I costi nettamente più bassi offerti dai cantieri navali proliferati
soprattutto in Asia meridionale hanno infatti reso sempre meno utilizzati e concorrenziali
gli impianti ecologici o ammodernati degli Stati membri dell’Unione.
“Viste le attuali condizioni di mercato, per gli operatori dell’UE è impossibile
competere con quelli dell’Asia meridionale”, annota il Libro Verde. Attualmente oltre i due terzi delle imbarcazioni navali
sono demoliti sui litorali e sulle rive dei fiumi di Bangladesh ed India. In
questi paesi i lavoratori guadagnano appena 1-2 dollari al giorno, una cifra
irrisoria se paragonata a quanto versato ad un operaio nei Paesi Bassi (250 dollari)
o nella più “economica” Bulgaria (13). Ancora più infime le spese che i datori
di lavoro devono sostenere per la salute e la sicurezza negli impianti
industriali asiatici. “Nessuno dei siti impiegati per smantellare le navi nel
subcontinente indiano è dotato di sistemi di contenimento per impedire l’inquinamento
del suolo e delle acque, solo pochi dispongono di strutture per il conferimento
dei rifiuti e il loro trattamento è raramente conforme anche a norme ambientali
minime”, denuncia la Commissione europea. Di conseguenza le condizioni di
sicurezza e salute all’interno di questi cantieri di demolizione sono ipercritiche.

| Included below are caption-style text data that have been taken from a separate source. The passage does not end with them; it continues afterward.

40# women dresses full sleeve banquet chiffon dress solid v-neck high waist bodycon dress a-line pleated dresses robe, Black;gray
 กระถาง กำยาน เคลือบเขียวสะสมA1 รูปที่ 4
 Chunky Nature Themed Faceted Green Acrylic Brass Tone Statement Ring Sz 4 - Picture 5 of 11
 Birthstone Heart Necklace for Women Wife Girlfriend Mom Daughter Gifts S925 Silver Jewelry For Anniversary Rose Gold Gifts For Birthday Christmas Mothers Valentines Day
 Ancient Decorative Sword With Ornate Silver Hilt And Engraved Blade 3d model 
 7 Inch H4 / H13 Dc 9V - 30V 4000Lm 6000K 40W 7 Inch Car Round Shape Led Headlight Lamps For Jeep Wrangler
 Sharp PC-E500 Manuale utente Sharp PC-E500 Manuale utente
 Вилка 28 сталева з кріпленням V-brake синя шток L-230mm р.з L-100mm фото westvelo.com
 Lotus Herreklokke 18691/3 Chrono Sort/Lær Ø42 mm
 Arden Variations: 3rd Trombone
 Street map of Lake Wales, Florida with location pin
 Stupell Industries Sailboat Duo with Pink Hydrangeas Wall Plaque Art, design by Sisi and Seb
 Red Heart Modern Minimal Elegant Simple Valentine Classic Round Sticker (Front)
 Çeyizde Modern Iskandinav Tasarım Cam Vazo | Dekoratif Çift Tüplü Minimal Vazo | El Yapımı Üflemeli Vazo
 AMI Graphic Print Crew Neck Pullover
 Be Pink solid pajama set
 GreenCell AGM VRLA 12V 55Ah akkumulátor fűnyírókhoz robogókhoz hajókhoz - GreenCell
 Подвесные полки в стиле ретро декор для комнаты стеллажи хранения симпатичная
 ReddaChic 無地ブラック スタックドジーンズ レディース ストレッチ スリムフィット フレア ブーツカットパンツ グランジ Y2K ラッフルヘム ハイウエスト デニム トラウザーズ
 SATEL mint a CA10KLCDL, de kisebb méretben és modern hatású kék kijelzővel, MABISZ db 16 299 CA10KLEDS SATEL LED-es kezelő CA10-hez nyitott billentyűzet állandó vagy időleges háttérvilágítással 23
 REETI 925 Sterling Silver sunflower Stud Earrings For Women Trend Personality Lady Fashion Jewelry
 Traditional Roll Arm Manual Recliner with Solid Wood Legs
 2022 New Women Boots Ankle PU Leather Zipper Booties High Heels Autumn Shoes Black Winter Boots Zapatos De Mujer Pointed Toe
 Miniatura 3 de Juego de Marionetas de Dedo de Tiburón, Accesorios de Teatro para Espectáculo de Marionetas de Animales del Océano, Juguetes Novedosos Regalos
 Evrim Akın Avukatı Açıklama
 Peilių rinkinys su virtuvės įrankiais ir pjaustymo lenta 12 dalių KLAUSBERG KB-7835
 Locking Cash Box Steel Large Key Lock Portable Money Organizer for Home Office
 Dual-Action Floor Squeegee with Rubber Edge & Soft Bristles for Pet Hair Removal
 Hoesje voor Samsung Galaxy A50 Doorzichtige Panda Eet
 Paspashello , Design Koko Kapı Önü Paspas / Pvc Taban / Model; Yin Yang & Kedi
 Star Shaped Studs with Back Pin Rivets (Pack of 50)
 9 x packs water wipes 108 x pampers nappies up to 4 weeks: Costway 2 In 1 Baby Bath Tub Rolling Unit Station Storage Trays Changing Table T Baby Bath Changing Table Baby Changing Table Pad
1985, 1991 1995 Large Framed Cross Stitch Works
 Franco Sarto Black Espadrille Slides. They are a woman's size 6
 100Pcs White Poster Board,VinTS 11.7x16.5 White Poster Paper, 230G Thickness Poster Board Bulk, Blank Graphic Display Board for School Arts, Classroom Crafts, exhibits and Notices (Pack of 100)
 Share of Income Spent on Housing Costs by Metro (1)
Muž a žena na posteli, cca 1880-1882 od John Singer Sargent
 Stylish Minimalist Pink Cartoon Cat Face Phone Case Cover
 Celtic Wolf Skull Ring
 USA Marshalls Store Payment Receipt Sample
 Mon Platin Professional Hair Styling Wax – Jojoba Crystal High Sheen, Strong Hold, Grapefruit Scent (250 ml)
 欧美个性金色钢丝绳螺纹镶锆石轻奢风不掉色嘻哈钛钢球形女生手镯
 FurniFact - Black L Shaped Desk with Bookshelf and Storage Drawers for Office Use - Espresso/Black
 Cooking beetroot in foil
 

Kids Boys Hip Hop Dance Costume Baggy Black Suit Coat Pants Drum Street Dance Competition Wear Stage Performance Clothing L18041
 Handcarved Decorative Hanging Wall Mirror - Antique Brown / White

I dati ufficiali riportano che nel più grande sito di rottamazione indiano,
Alang, tra il 1996 e il 2003 si sono verificati 434 incidenti con la morte di
209 persone. In Bangladesh negli ultimi 20 anni sarebbero rimasti uccisi invece
più di 400 lavoratori e gravemente feriti 6.000 circa.
“A questi dati vanno
aggiunte le migliaia di persone che contraggono malattie irreversibili perché
entrano in contatto o inalano sostanze tossiche senza la minima precauzione o protezione”,
aggiunge il Libro Verde. “Secondo un
rapporto medico presentato alla Corte suprema dell’India nel settembre del
2006, il 16% della manodopera che manipola amianto ad Alang risultava affetto da
asbestosi e correva dunque un rischio elevato di contrarre il mesotelioma”, una
forma di tumore al polmone che raggiunge il picco di incidenza solo vari
decenni dopo l’esposizione.
“Finché non ci sarà
parità di condizioni sotto forma di norme obbligatorie efficaci e valide per le
attività di demolizione delle navi a livello mondiale, gli impianti europei
avranno sempre difficoltà a competere sul mercato e i proprietari delle navi
tenderanno sempre a dirigere le loro navi verso siti asiatici che non soddisfano
gli standard minimi”, conclude l’UE. Appare dunque impossibile che l’Alleanza Atlantica,
guardiano armato del capitale finanziario globale, possa assumere comportamenti
diversi. E comunque se pure non volesse scegliere l’India o il Bangladesh per
rottamare fregate e sommergibili, sono già belli e funzionanti i centri navali
della Turchia, pedina chiave NATO per il controllo del Mediterraneo e del Medio
oriente. Perché allora il governo d’Italia si ostina a candidare l’obsoleto Arsenale
di Messina impedendone nei fatti la conversione a bene comune?